The above does the following

  • sorts both the pub_postcode.csv (containing name and postcode),
  • sorts the ukpostcodes.csv (containing the postcode and lat/lon) and
  • joins the two files, creating one file in which the lines are joined by the postcode.

Palate Cleanser

You will have noticed above that my examples aren’t using real pub or restaurant names. At the time of writing HMRC had not yet published the list of registered restaurants, so I used my shell scripting knowledge (and a lot of googling) to create a fairly neat way of generating random pub/restaurant names.

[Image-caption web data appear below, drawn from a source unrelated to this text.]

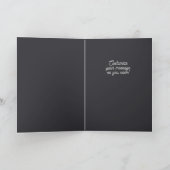 Carte De Remerciements Gangster Kitten (Intérieur)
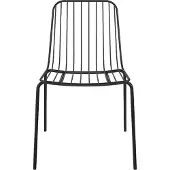 DOMUS Caden-Stoel - Zwart Metaal - Set van 2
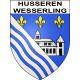 Husseren-Wesserling 68 ville sticker blason écusson autocollant adhésif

I took a list of animal names and randomly combined them with “and”, the aim being to get the “Fox and Badger” and endless variations.

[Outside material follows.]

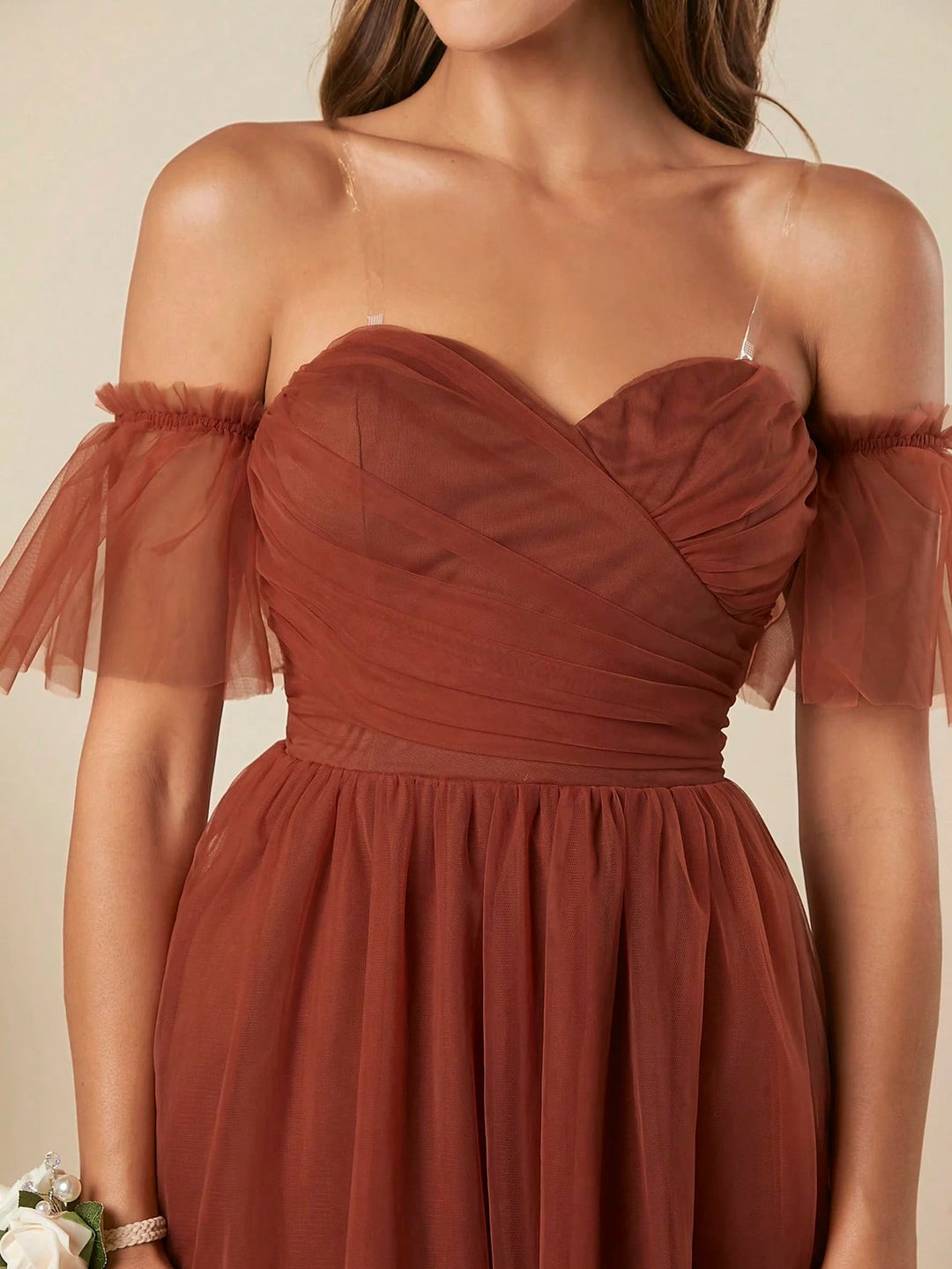 Rochie maxi SHEIN, maro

Here’s the shell script to allow you to do this:

shuf -n 100000 target/ukpostcodes.csv | cut -f2 -d, > target/pub_postcodes.txt

shuf -rn 100000 animal_names.txt > target/1.txt
shuf -rn 100000 animal_names.txt > target/2.txt
yes "and" 2>/dev/null | head -100000 > target/and.txt
paste -d " " target/1.txt target/and.txt target/2.txt > target/pubnames.txt

paste -d "," target/pubnames.txt target/pub_postcodes.txt > target/pub_postcodes.csv

This accomplishes the following:

  • picks 100,000 random postcodes,
  • creates 100,000 random animal names,
  • creates another 100,000 random animal names (in a different order)
  • creates 100,000 instances of “and”,
  • and combines them all, resulting in my randomly generated pub names.
$ head pub_postcodes.csv 
leguaan and bushmaster,B79 7SP
anaconda and Moluccan boobook,CM20 2GN
flying lizard and hoop snake,NW4 3LY
Towhee and agamid,LL11 6NN
Puffleg and Gila monster,OX12 0FE
mamba and Chipmunk,UB6 7AH
Eagle and Marsh harrier,FK1 5LE
Jay and chameleon,KA19 7NW
B and Maya,L5 7UB
ringhals and Diving bird,W9 2EH

Dessert

All of the above is very good, but I’ve still not hosted my tool anywhere, and I don’t want to use my own servers. Thankfully, github.com provides GitHub Pages and GitHub Actions which can be combined to provide a build pipeline and a hosting solution!

Cheese

Thanks for reading, I hope you found the Discounted Dining Finder and the above tale interesting. The source code is available on github.com/beny23/static-distance/ and released using the Apache-2.0 open source licence.